## ASSIGNMENT:
Copy the listing verbatim, excluding any images found in it.

## DATA:
---------------

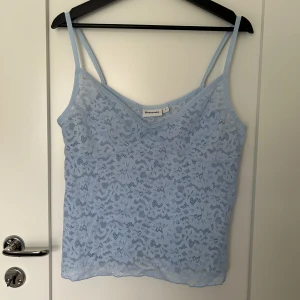 Linne - Linne från Kappahl i spets. Superfint men aldrig använts. Banden är inte justerbara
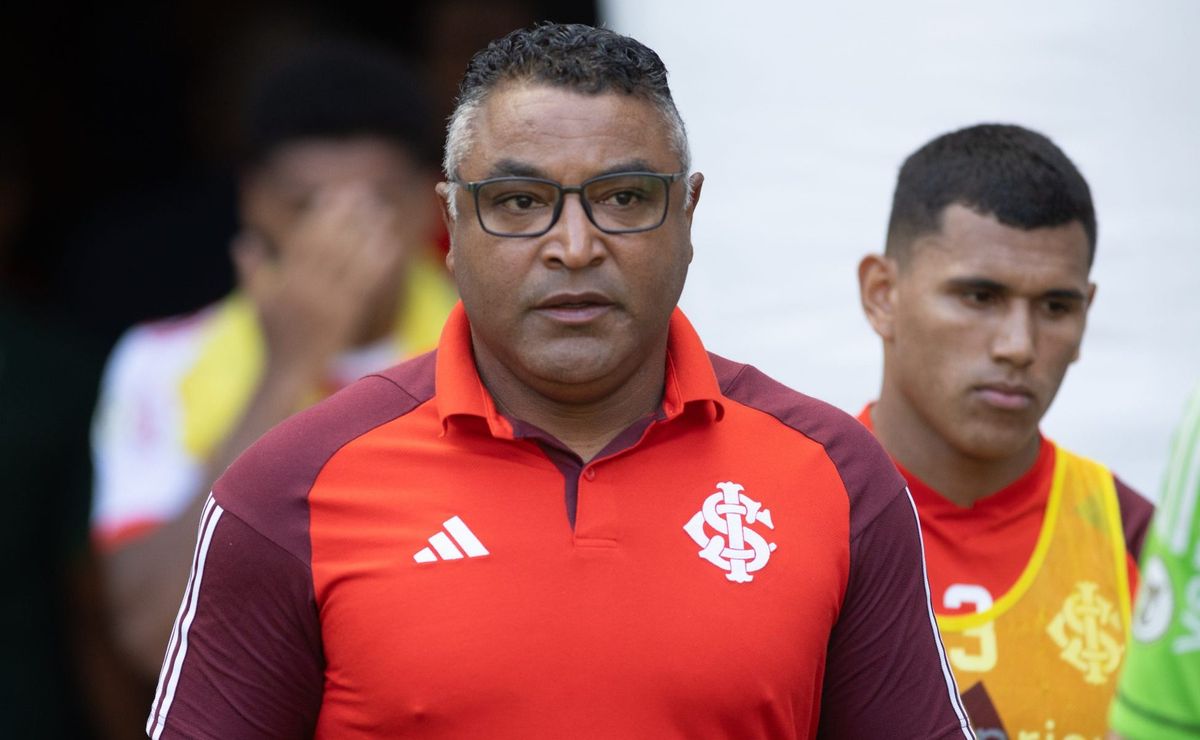 Roger Machado elogia Victor Gabriel após bom desempenho no Gre-Nal 444
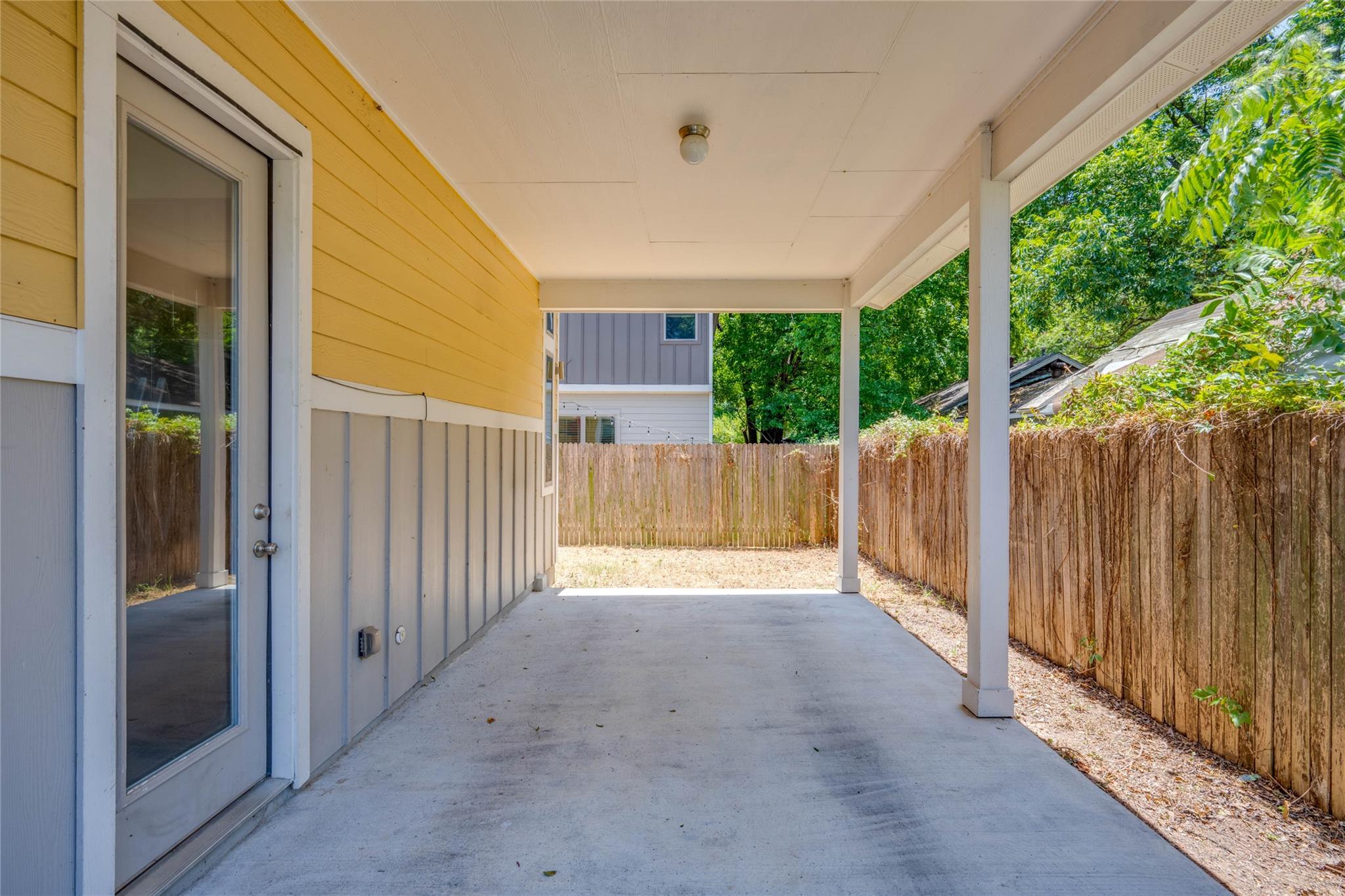 2612 Willow St # B, Austin, TX 78702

---------------

## TASK ANSWER:
 Linne - Linne från Kappahl i spets. Superfint men aldrig använts. Banden är inte justerbara
 Roger Machado elogia Victor Gabriel após bom desempenho no Gre-Nal 444
 2612 Willow St # B, Austin, TX 78702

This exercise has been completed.